Heute vor einem Monat ist der Schweizer Historiker PD Dr. Peter Haber nach langer Krankheit im Alter von 49 Jahren gestorben. Sowohl als Privatdozent für Allgemeine Geschichte der Neuzeit am Historischen Seminar der Universität Basel als auch durch seine rege wissenschaftliche Publikationstätigkeit hat er sich bedeutende Verdienste um die Etablierung einer Digitalen Geschichtswissenschaft erworben. Wir haben seinen langjährigen Kollegen Jan Hodel, mit dem er unter anderem die Internetplattform hist.net gegründet und verantwortet hat, um ein Interview über Peter Habers wissenschaftliches Wirken und Erbe gebeten. Dr. Jan Hodel ist wissenschaftlicher Mitarbeiter und Lehrbeauftragter am Zentrum Politische Bildung und Geschichtsdidaktik der Pädagogischen Hochschule der Fachhochschule Nordwestschweiz und des Zentrums für Demokratie (ZDA) in Aarau.
"Bei allen größeren Projekten im deutschsprachigen Raum mitgewirkt"

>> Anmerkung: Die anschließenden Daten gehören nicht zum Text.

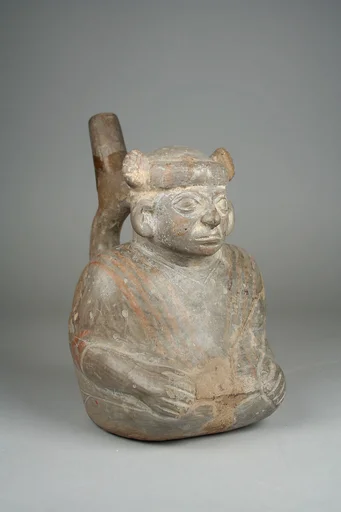 Stirrup Spout Bottle with Seated Figure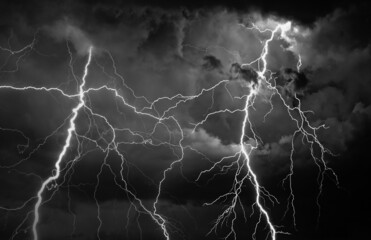 Thunder, lightnings and rain at night during summer storm.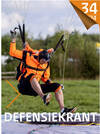 Een Nederlandse parachutist met oranje parachute landt op een kussen.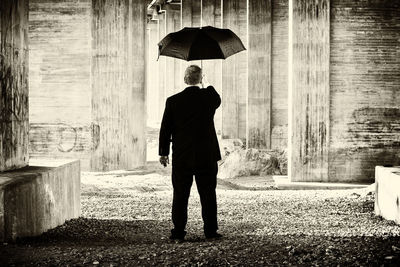 Rear view of man with umbrella walking in rain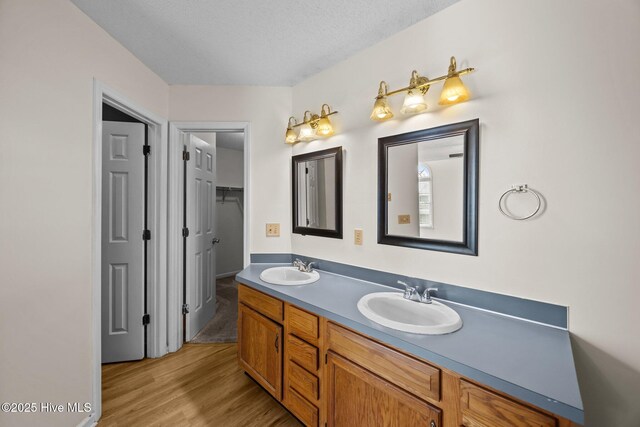 123 W Victoria Ct Unit F, Greenville, NC 27834 - bathroom featuring double vanity and wood finished floors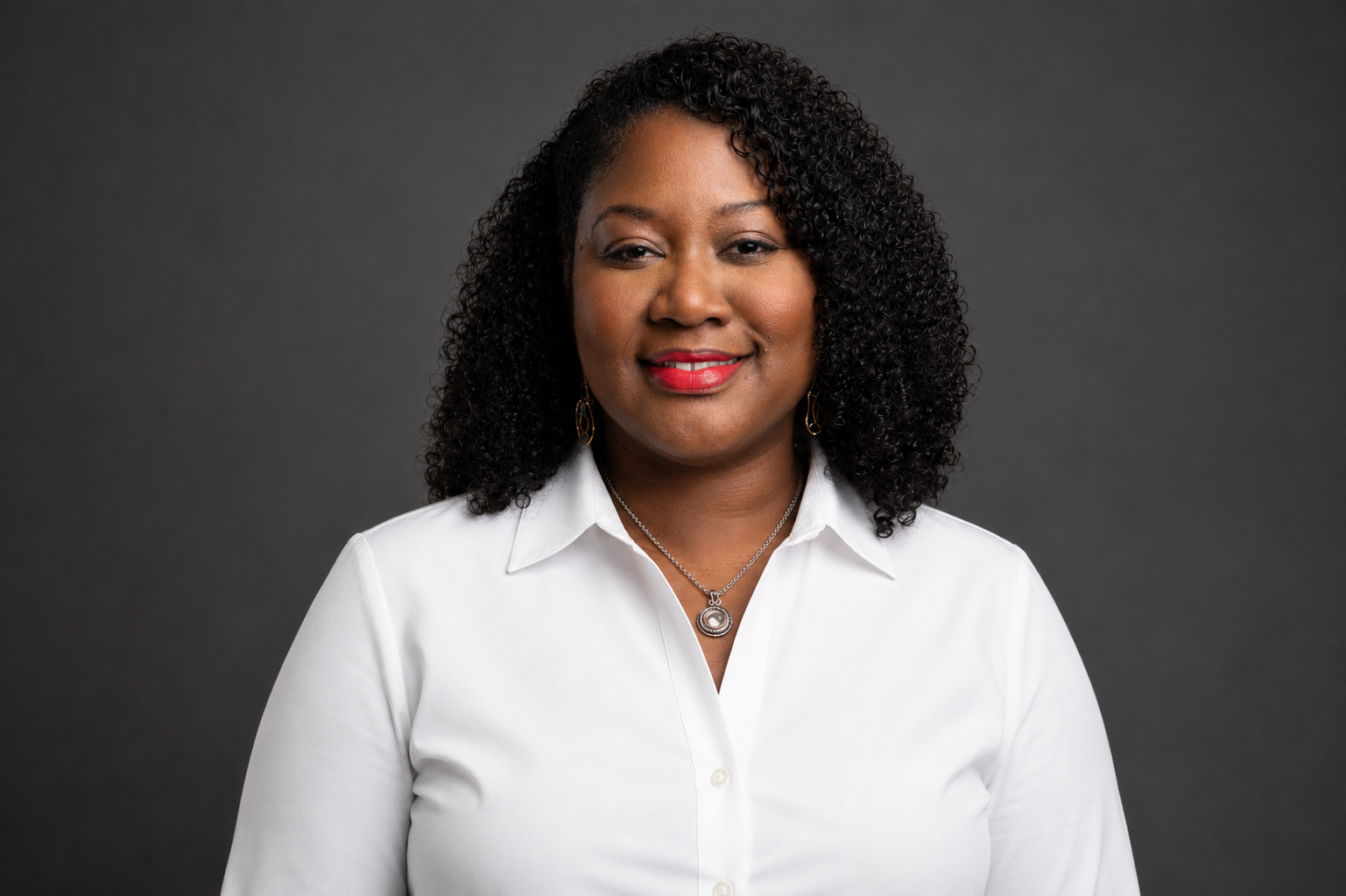 Portrait of a woman with curly black hair wearing a white shirt, red lipstick, earrings, and a necklace, smiling against a dark gray background.
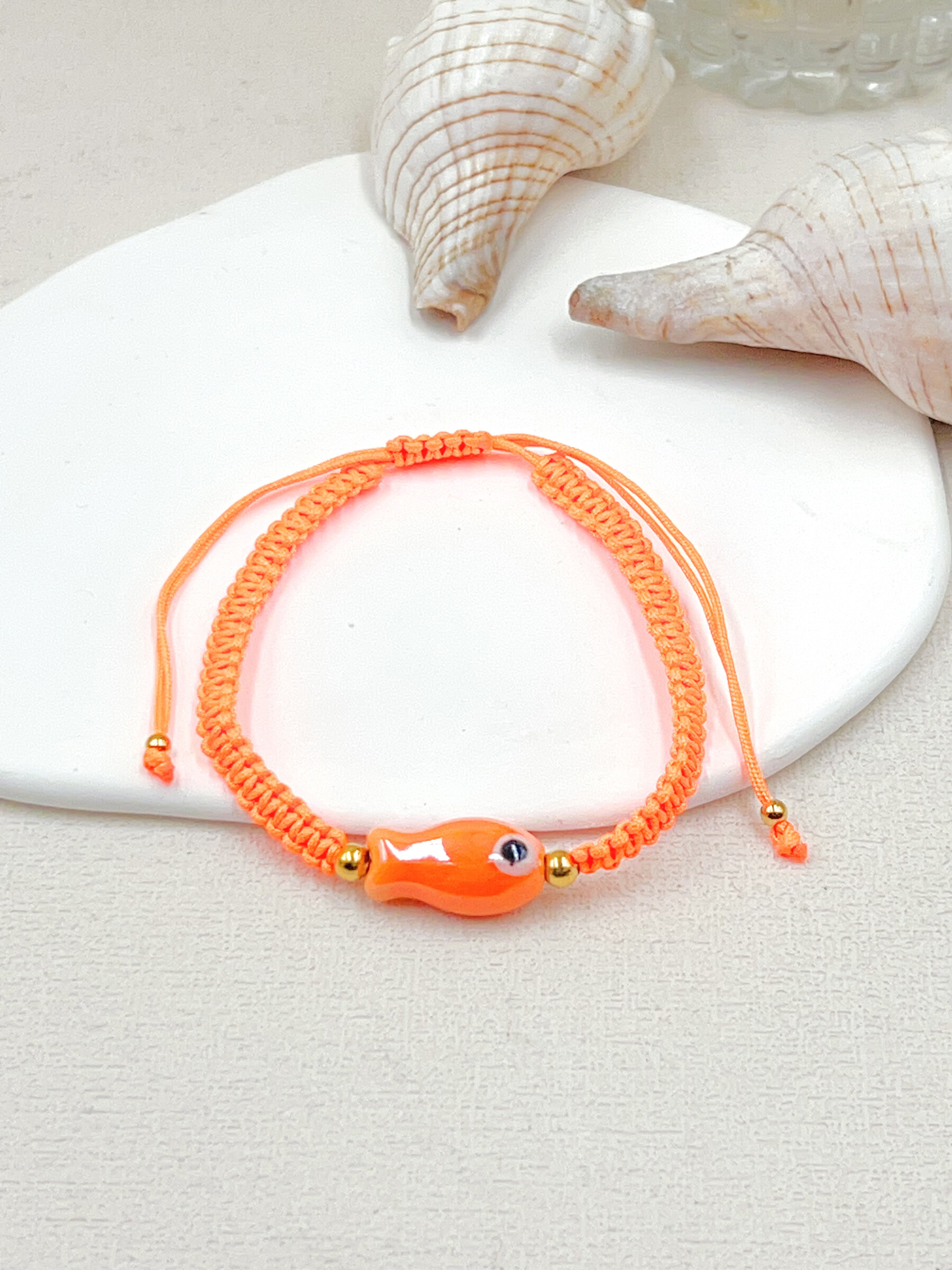 Mayorista WEC Bijoux - Pulsera de peces cerámicos, cordón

L.I.S.A.: Herr Dr. Hodel, vor Kurzem ist der Historiker PD Dr. Peter Haber nach langer Krankheit gestorben. Sie haben eng mit ihm zusammengearbeitet. Welche Lücke hinterlässt Peter Haber in der Geschichtswissenschaft?
Dr. Hodel: Nun, das hängt davon ab, welche Bedeutung man der Auseinandersetzung mit dem digitalen Wandel und mit seinen Auswirkungen auf die Geschichtswissenschaften beimisst. Peter Haber hat immer wieder mit Ernüchterung festgestellt, wie begrenzt das Interesse bei den Kolleginnen und Kollegen dafür war, was die digitalen Medien an Möglichkeiten und Herausforderungen für die Geschichtswissenschaft darstellen. Er hat ja sozusagen bei allen größeren und bedeutenderen Projekten im deutschsprachigen Raum mitgewirkt und mitgedacht, wo sich Geschichtswissenschaft und digitale Medien getroffen haben: er war Fachredaktor bei der Mailing-Liste H-Soz-Kult, im Beirat von hypotheses.org, hat bei docupedia.de als Berater fungiert und die global papers for digital history mitbegründet.

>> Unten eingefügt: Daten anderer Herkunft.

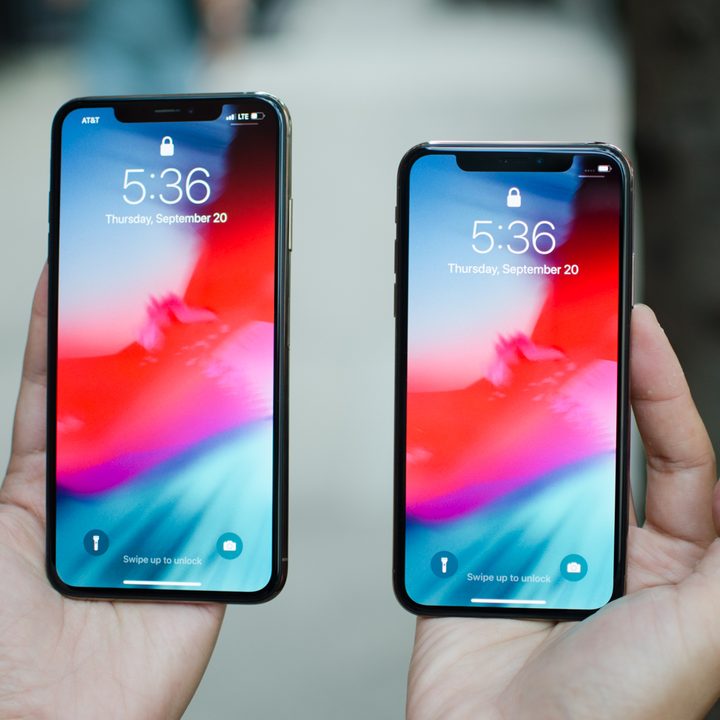 Two iPhones in hands.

L.I.S.A.: Mit welchen Projekten verbinden Sie den Historiker Peter Haber vor allem?
Dr. Hodel: Oje, eine schwierige Frage. Peter Haber hat so viele Projekte lanciert, betreut und angedacht, dass selbst mir es schwer fiel, hier die Übersicht zu behalten. Ein Schwerpunkt war sicherlich sein Interesse an den Methoden geschichtswissenschaftlichen Arbeitens unter den Bedingungen des digitalen Medienwandels. Die Entwicklung eines "H-Desk", einer virtuellen Arbeitsumgebung für die Geschichtswissenschaften war ein langgehegter Wunsch von ihm. So haben wir 2000 bis 2002 am Projekt history toolbox die Idee eines Fachportals mit geprüften Internet-Links probeweise entwickelt. Anschließend hat er die Möglichkeiten von Wikis und Blogs ausgelotet und bei der Entwicklung eines Bibliographie-Programmes (LitLink) mitgewirkt. In seiner Dissertation schließlich hat er erste Überlegungen zu einer historischen Methode im digitalen Zeitalter angestellt - Überlegungen, die sein Doktorand Pascal Föhr in seiner Dissertation zu vertiefen begann. Auch seine Tätigkeit in der Fachredaktion der Mailingliste und Fachportals H-Soz-Kults, dem ersten und wohl immer noch wichtigsten digitalen Fachportal für Geschichte, ließe sich hier einordnen: Er hat sich sehr für die Bedeutung digitaler Medien für den wissenschaftlichen Alltag interessiert.
Als einen zweiten wichtigen Schwerpunkt würde ich seine Beschäftigung mit der Geschichte der digitalen Medien bezeichnen wollen. Peter hat immer Anstoß genommen an einer gar ahistorischen Sichtweise auf den digitalen Wandel. Ein großer Teil seiner Habilitation widmet sich der Computer-Geschichte. Ein gemeinsames Projekt, dass wir in Angriff nehmen wollten, hätte eine Art Oral History des Computerzeitalters werden sollen - eine Erkundung des ersten Erscheinens des Computers im Alltag von uns Zeitzeuginnen und Zeitzeugen. Dazu ist nun leider nicht mehr gekommen.
Peter Haber war aber nicht nur ein Medienhistoriker. Ein wichtiger Teil seiner Arbeit als Historiker befasst sich mit der jüdischen Geschichte, besonders der jüdisch-ungarischen Geschichte.